Well, one person who managed was David G. Dalin, a rabbi and historian who became increasingly bothered by these attacks on the role of the Vatican during World War II. In 2001--in the pages of this magazine, as it happens--Dalin published "Pius XII and the Jews," a 5,000-word blast at the anti-Pius ideologues. Every so often an essay comes along that changes the way people approach a controversial topic. After it appeared, Dalin's essay
became one of the most talked about statements ever published on Pius XII: widely praised, challenged, and reprinted throughout the world.
Dalin has now expanded his essay into a book-length treatment of Pius and related themes. As Dalin shows, with copious documentation, the "silence" of Pius XII and the Catholic Church is one of the great falsehoods of the 20th century. During the rise and reign of the Third Reich, Hitler's racism and the Nazis' anti-Semitism were being condemned by Catholic spokesmen from every corner of the globe--especially the Vatican.
This is not to say that the Church's record is unassailable. Just as one can find bad Catholics today, so one can easily find ecclesiastical cranks, anti-Semites, and collaborators during the Nazi era. But they do not represent the Roman Catholic hierarchy, and the accurate history of those days shows how they lost their attempt to influence the Church.
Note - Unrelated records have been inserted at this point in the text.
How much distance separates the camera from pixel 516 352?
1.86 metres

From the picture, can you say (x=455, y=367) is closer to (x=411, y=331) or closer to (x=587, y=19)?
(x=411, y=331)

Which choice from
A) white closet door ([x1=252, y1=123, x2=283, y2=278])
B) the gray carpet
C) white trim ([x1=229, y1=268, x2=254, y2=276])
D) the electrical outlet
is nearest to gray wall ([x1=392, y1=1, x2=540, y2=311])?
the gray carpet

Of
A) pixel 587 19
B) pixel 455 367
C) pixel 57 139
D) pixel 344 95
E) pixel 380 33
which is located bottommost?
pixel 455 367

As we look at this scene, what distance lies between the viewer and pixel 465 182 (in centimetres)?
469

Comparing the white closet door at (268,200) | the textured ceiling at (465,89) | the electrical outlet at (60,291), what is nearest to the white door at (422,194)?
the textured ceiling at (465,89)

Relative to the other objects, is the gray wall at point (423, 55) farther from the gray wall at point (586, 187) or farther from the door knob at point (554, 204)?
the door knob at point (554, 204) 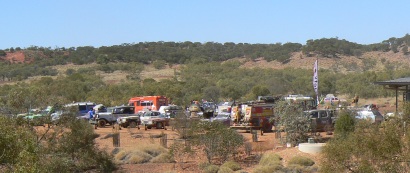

Among the Catholic leaders who stood tall during that time, argues Dalin, was Eugenio Pacelli, the man who was to become Pope Pius XII. Tracing his life as a young priest, Dalin examines his service as nuncio to Germany (1917-1929), secretary of state to his predecessor Pius XI (1930-1939), and pope (1939-1958). Refuting the notion that Pacelli was a reactionary anti-Semite, Dalin proves that he was, if anything, a philo-Semite. As early as 1916, the young Pacelli helped craft a powerful statement against anti-Semitism, then followed that up by befriending and rescuing Jews from outbreaks of anti-Semitic pogroms.
On November 14, 1923, writes Dalin, just five days after Hitler's failed putsch against the local government in Munich, "Pacelli wrote to [Secretary of State] Cardinal Gasparri denouncing Hitler's National Socialist movement and favorably noting Munich archbishop Michael Faulhaber's vocal defense of Bavaria's Jews." Later, after Pacelli succeeded Gasparri, the very first protest he sent Germany was against Nazi anti-Semitism in April 1933, just months after Hitler became chancellor.